Q: I was wondering what made you choose Italy for the home of the Volturi? Is there a special meaning about Italy in your life or was it a random setting? Thanks :] – Kerry Kowalczyk
Stephenie: I chose Italy because I needed a place with a really long history. Choosing Volterra itself was a strange thing. I wrote the whole Volturi scene before I’d picked a location for it. For the first time, I was planning to create a fictional city, because at this point, I was starting to realize that people were actually going to read this book, and I was nervous about what the real life citizens of Forks would think, and more especially what the real life people of La Push would think—I’d taken some rather big liberties with their fictional history, and I wasn’t sure if they would find it amusing or irritating. So, to avoid similar moments of panic, I decided to set my clan of ancient ruling vampires in a made up place. I was going to call this place “Volturin,” and I knew it needed to be located in Tuscany about an hour or two from Florence—I’d already written the drive from the airport.
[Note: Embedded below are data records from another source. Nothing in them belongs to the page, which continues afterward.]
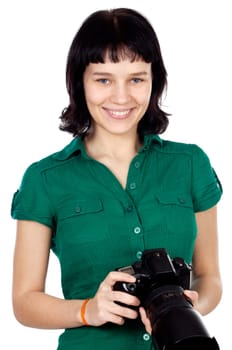 Woman holding a photo camera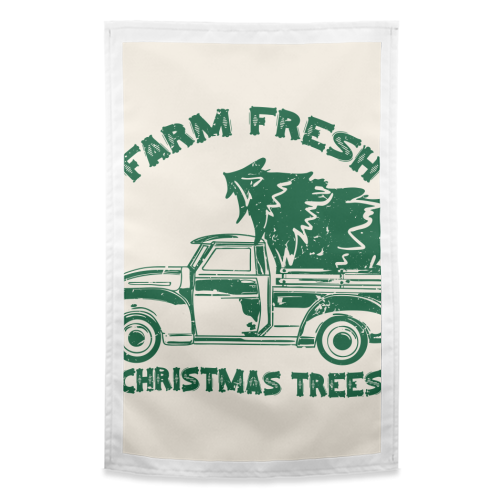 Farm Fresh Christmas Trees Vintage - funny tea towel by EZbie
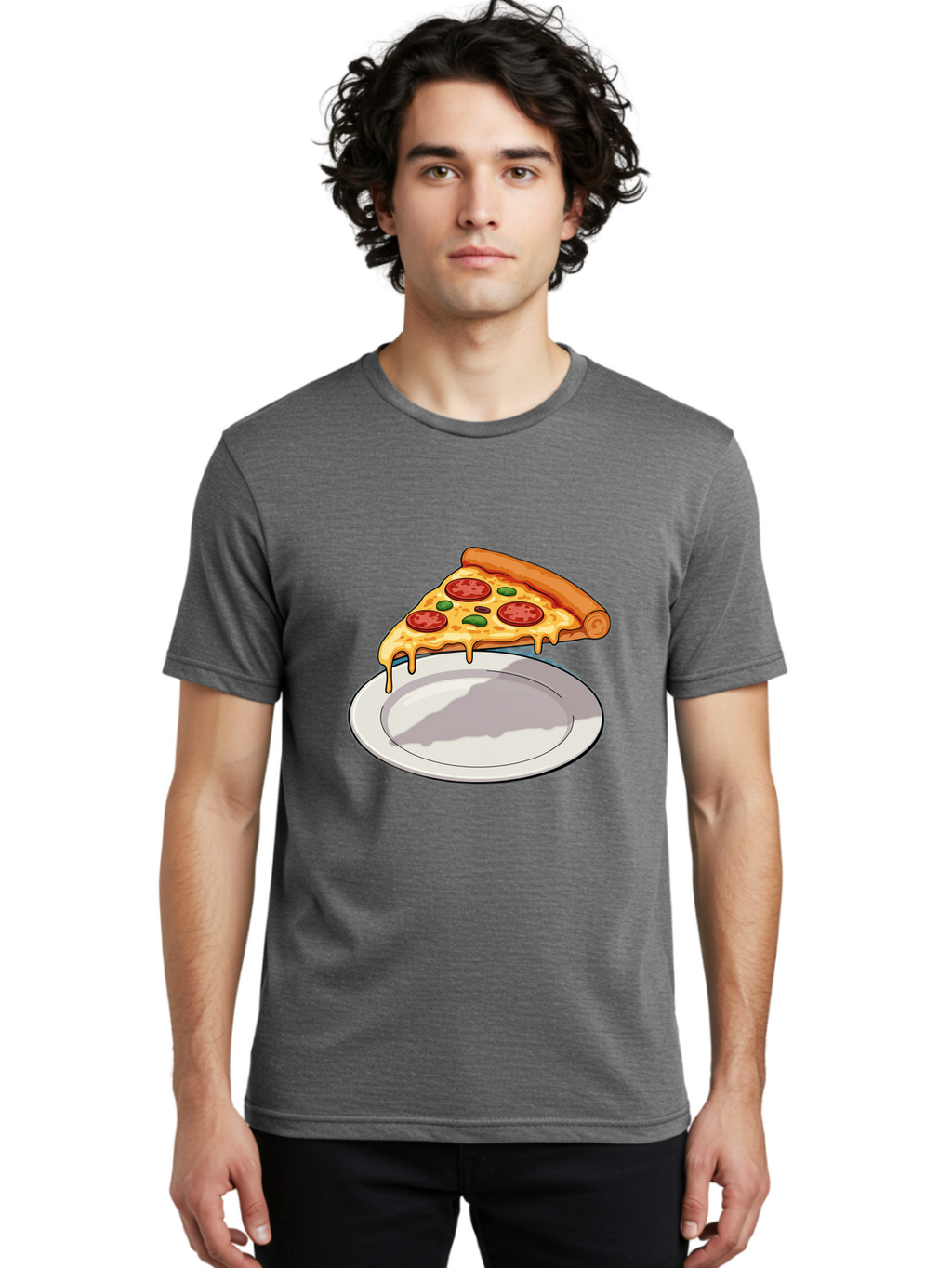 Pizza-Slice-30 Men'S Graphic Tee, 100% Cotton, Comfortable Casual Summer Wear, Machine Washable, Pizza Slice On A Plate, Gooey Cheese, Tomato Sauce, Basil Leaves, Italian Food, Delicious Meal, Appetizing Dish, Savory Flavors Bac292
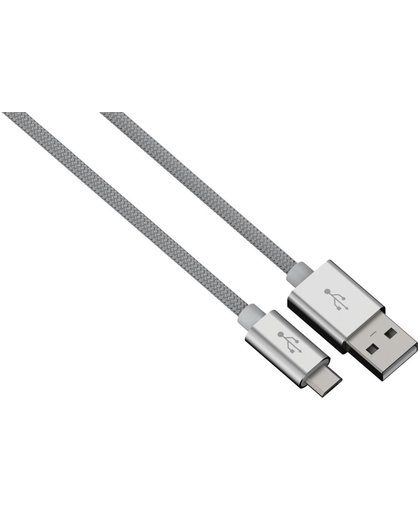 Hama Color Line 2m USB A Micro-USB B Mannelijk Mannelijk Aluminium, Zilver USB-kabel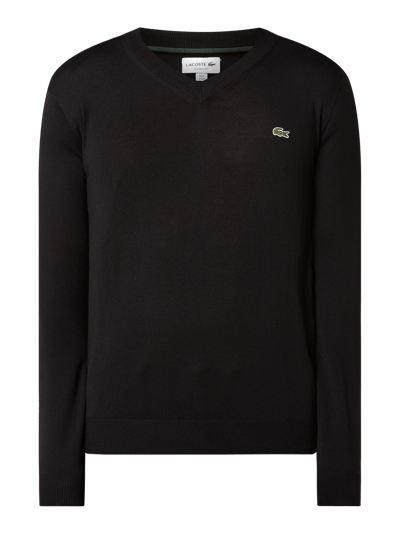 Lacoste Sweter z mieszanki wełny  Czarny 2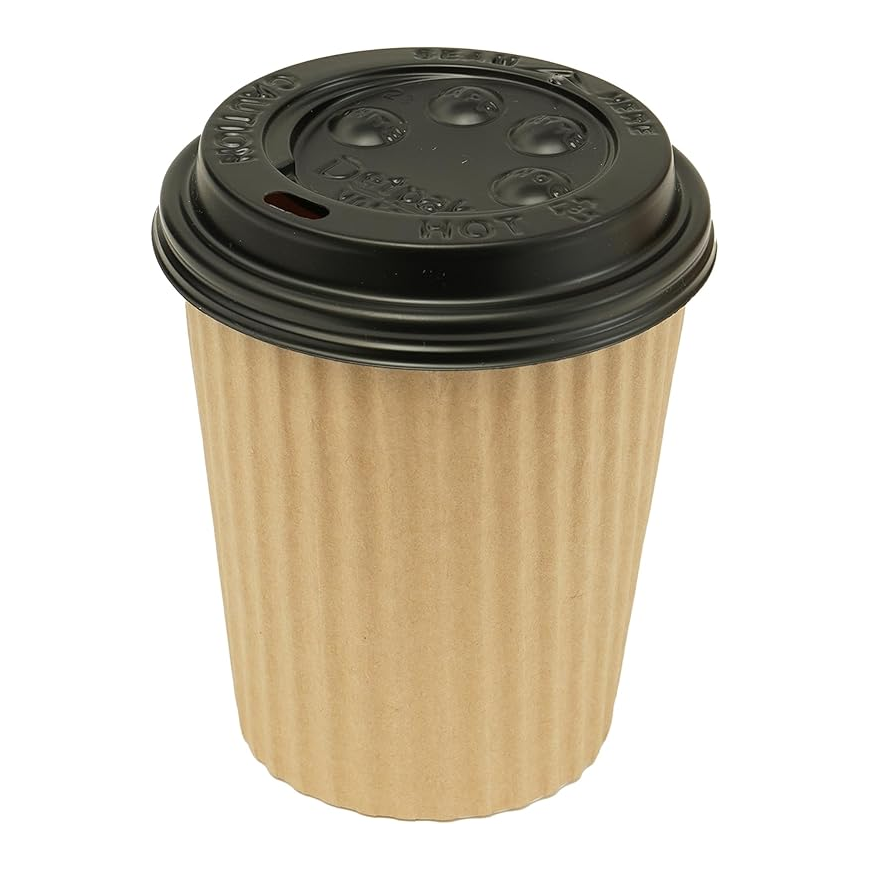 Kraft Paper Ripple Cup with Lid, 8oz, Pack of 10pcs, Brown & Black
I’d also already written my descriptions of the plaza and clock tower and Volturi turret. So I pull up a map of Tuscany, trying to decide if Alice should drive north, south, east, or west, and look at that—there is a city named Volterra just about an hour from Florence. So I google image search Volterra, and the very first picture that comes up is the Volterra clock tower. Chills. I called my sister (who’d already read about my fictional Volturin) and told her to go look at Volterra. She freaked, too, because she’d pictured it the same way, too. It was actually a rather creepy moment.
After that, I gave up the idea of creating a fake city and just hoped the people of Volterra did not mind a few vampires. When I went to visit a few years back, all the people I talked to were totally fine with the vampires—what had upset them was the fountain. They don’t have one, and think their square is perfect without it.